*** Begin section ***

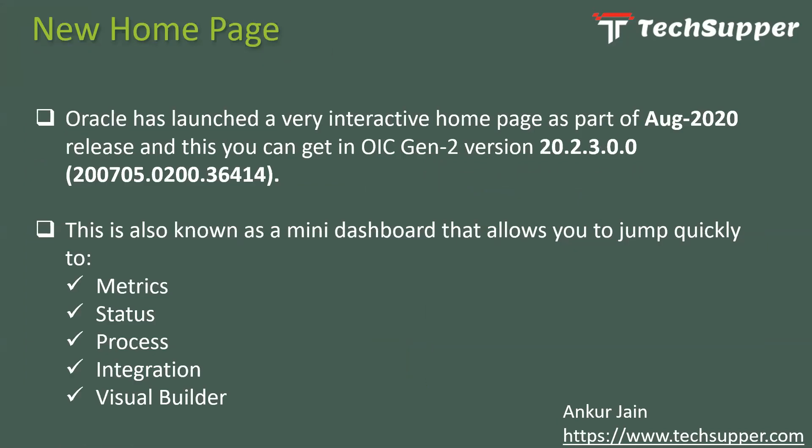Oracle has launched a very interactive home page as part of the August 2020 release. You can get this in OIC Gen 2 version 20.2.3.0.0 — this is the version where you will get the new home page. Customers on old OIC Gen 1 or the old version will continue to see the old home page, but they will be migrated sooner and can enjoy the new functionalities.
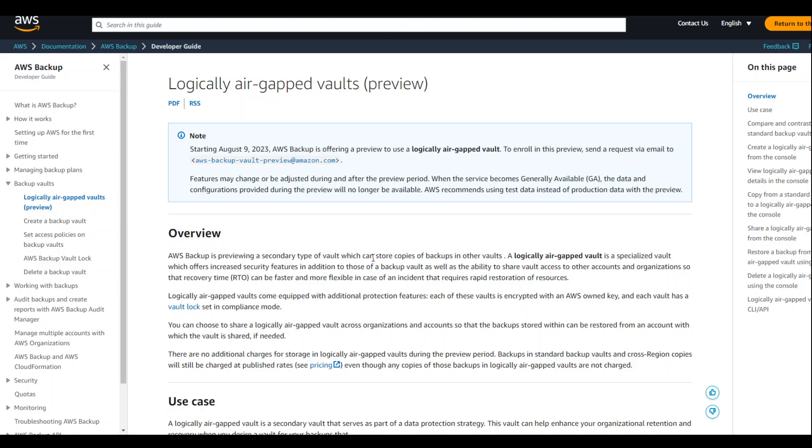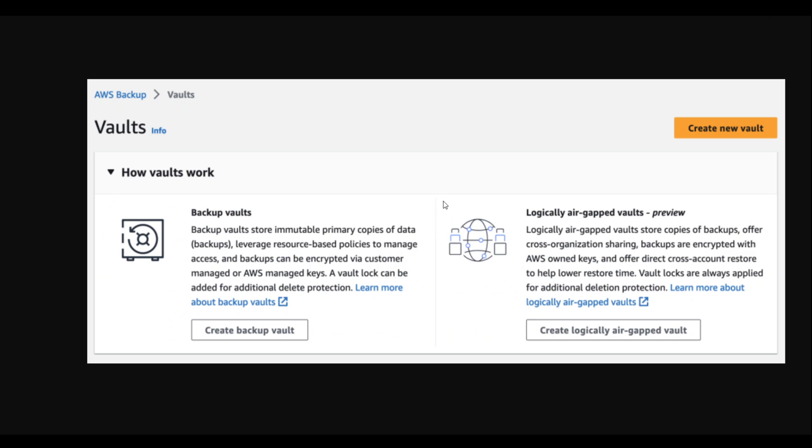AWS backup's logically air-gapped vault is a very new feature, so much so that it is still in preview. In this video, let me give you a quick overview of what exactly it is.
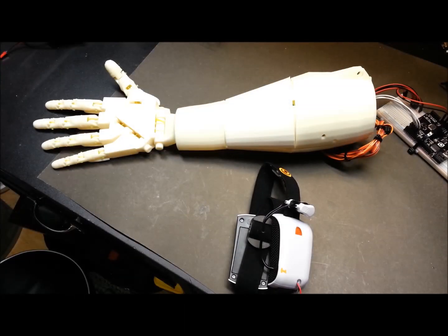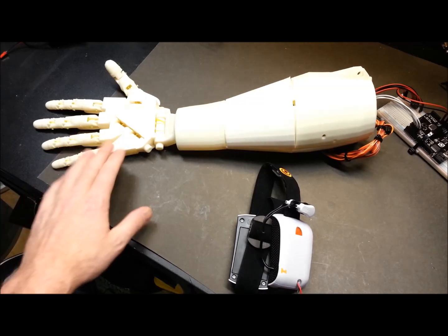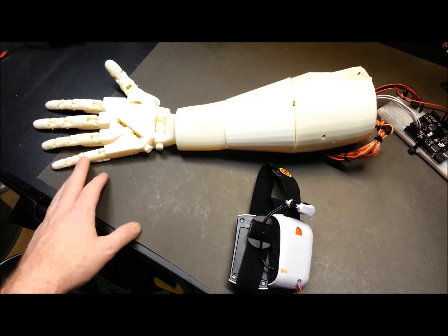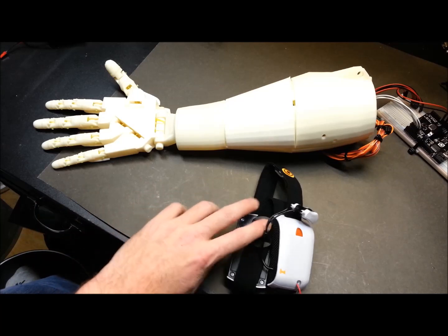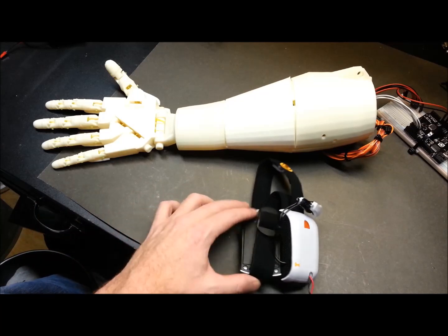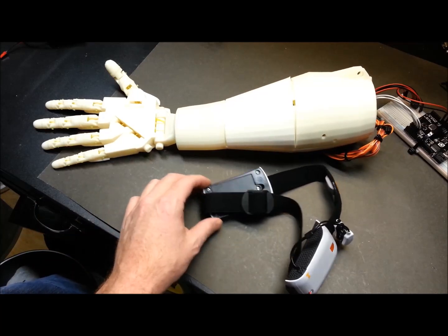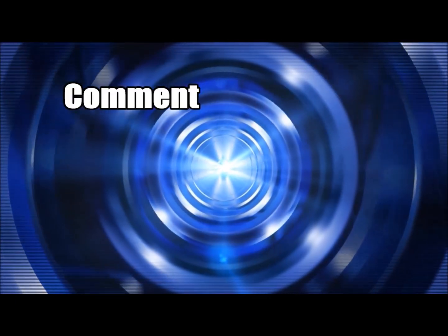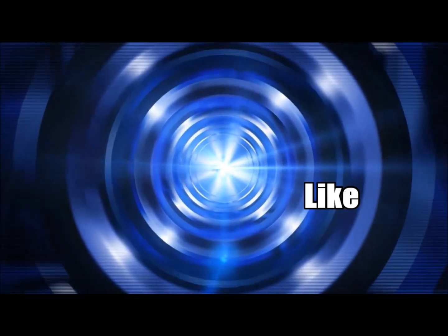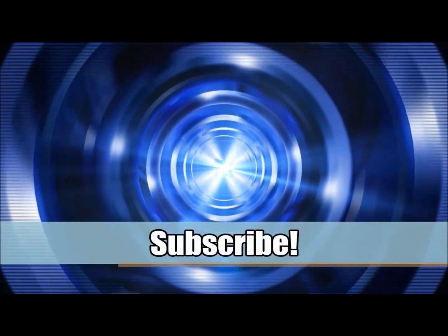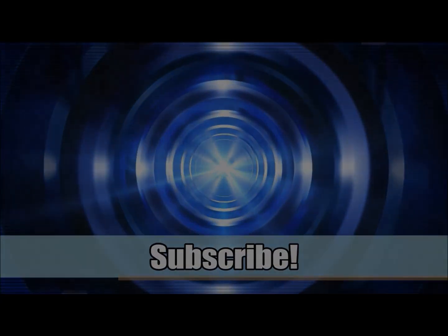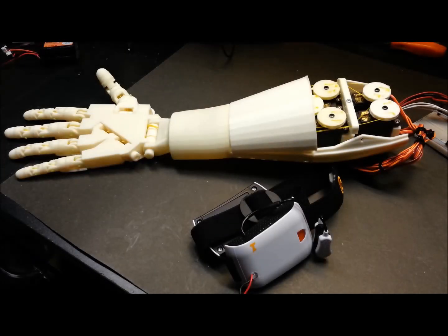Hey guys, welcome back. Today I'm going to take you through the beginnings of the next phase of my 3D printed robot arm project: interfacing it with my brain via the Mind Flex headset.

*** End section ***
*** Begin section ***

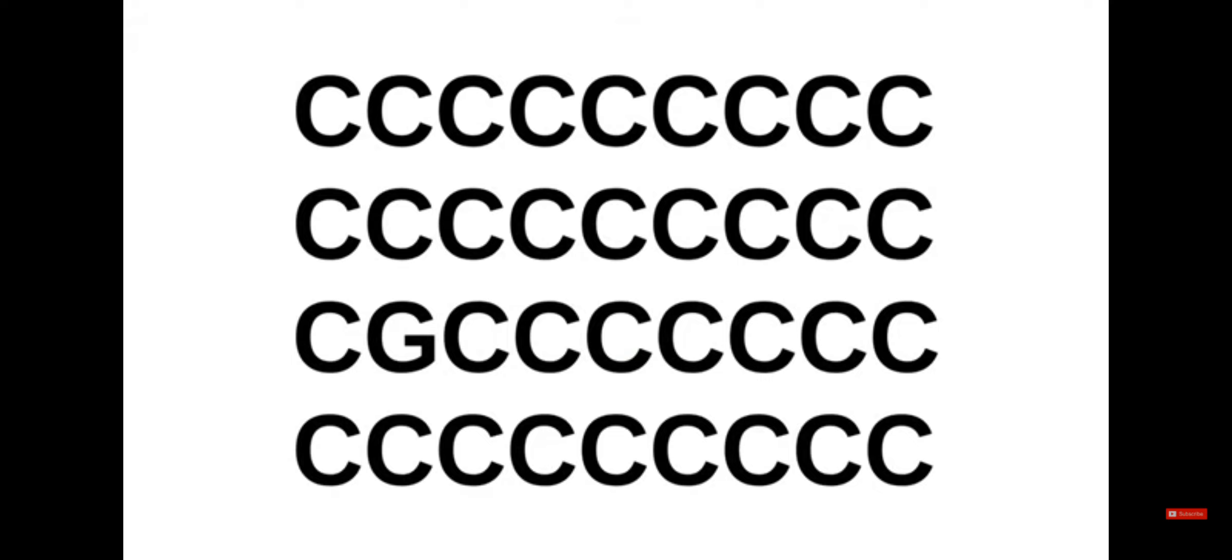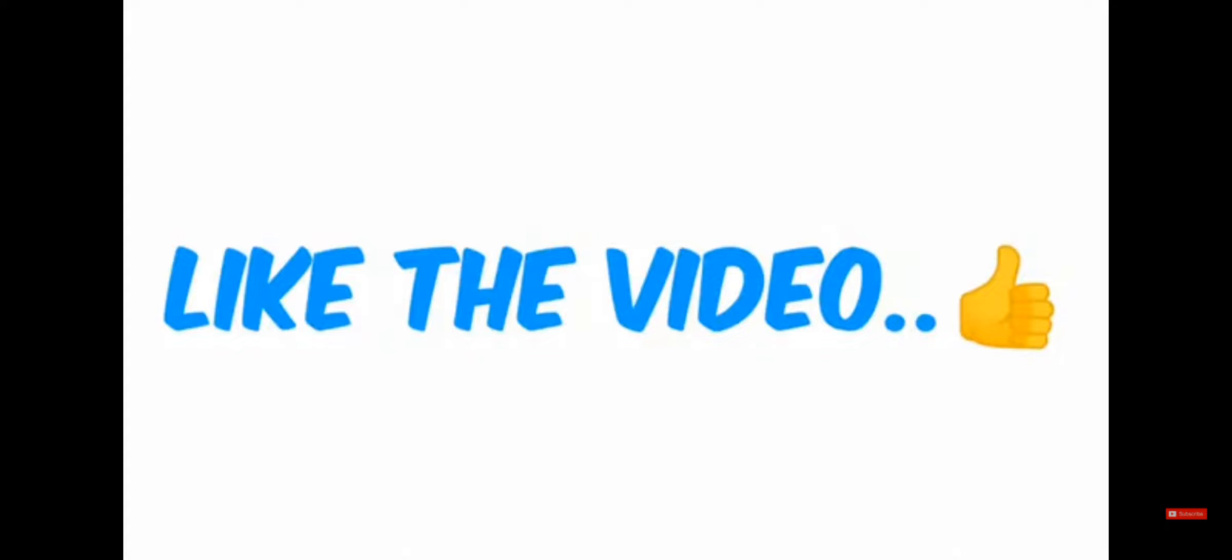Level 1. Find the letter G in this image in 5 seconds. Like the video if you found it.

*** End section ***
*** Begin section ***

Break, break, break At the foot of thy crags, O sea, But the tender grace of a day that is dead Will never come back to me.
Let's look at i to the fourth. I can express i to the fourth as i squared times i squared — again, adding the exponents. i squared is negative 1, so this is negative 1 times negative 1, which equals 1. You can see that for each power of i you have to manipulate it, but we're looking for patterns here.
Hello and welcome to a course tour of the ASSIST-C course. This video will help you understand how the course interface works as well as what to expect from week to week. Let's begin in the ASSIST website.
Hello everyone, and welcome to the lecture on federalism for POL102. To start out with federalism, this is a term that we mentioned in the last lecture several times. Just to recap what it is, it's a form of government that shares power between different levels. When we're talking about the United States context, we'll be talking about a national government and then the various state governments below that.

*** End section ***

▶ **Problem to solve**: In the data above, start at the line holding "Oracle has launched" and stop after the line holding "Hey guys, welcome"; write out those lines exactly, without pictures.

▶ **Exercise result**:
Oracle has launched a very interactive home page as part of the August 2020 release. You can get this in OIC Gen 2 version 20.2.3.0.0 — this is the version where you will get the new home page. Customers on old OIC Gen 1 or the old version will continue to see the old home page, but they will be migrated sooner and can enjoy the new functionalities.
AWS backup's logically air-gapped vault is a very new feature, so much so that it is still in preview. In this video, let me give you a quick overview of what exactly it is.
Hey guys, welcome back. Today I'm going to take you through the beginnings of the next phase of my 3D printed robot arm project: interfacing it with my brain via the Mind Flex headset.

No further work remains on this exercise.